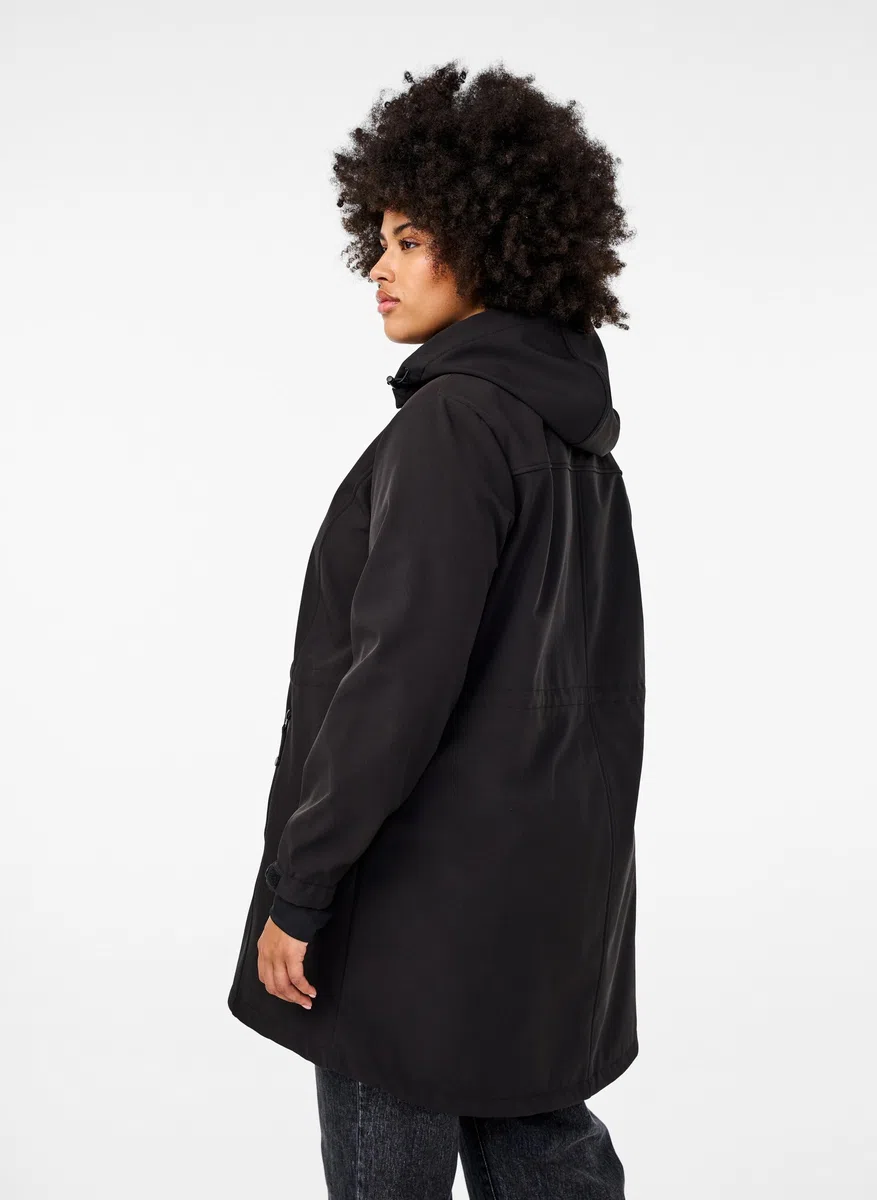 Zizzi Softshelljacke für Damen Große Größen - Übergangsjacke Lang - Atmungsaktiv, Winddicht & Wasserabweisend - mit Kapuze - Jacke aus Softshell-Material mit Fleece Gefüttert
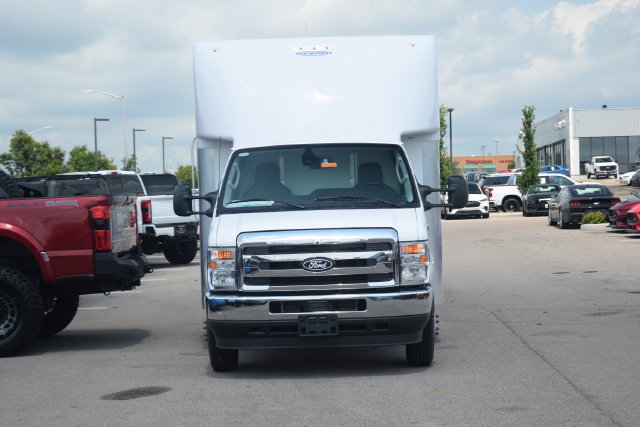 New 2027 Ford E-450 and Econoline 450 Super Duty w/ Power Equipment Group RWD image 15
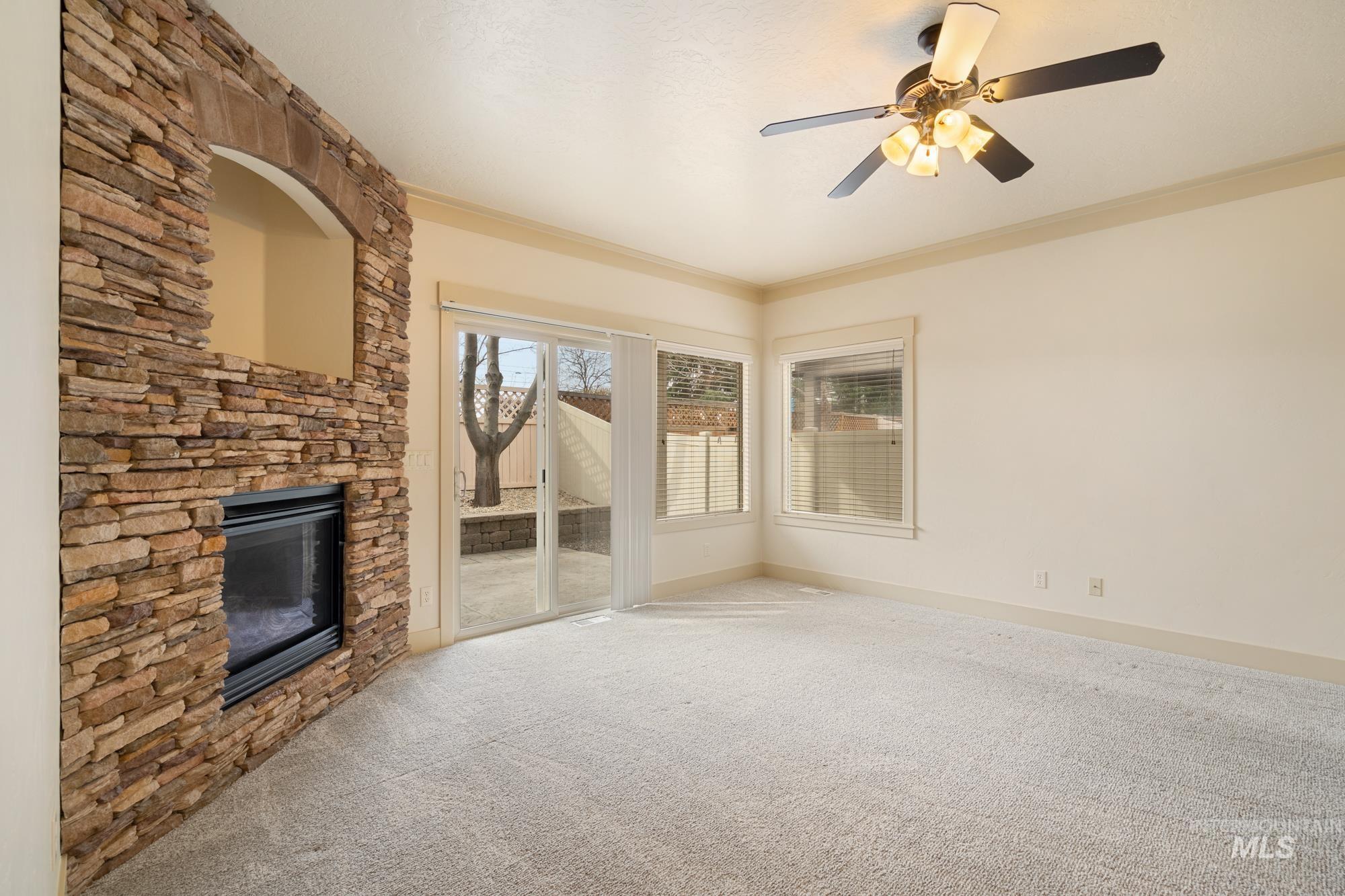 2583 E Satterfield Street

- - - - -

BRIEF: Output the whole listing exactly. Pictures stay out.

TASK SOLUTION:
 Zizzi Softshelljacke für Damen Große Größen - Übergangsjacke Lang - Atmungsaktiv, Winddicht & Wasserabweisend - mit Kapuze - Jacke aus Softshell-Material mit Fleece Gefüttert
 New 2027 Ford E-450 and Econoline 450 Super Duty w/ Power Equipment Group RWD image 15
 2583 E Satterfield Street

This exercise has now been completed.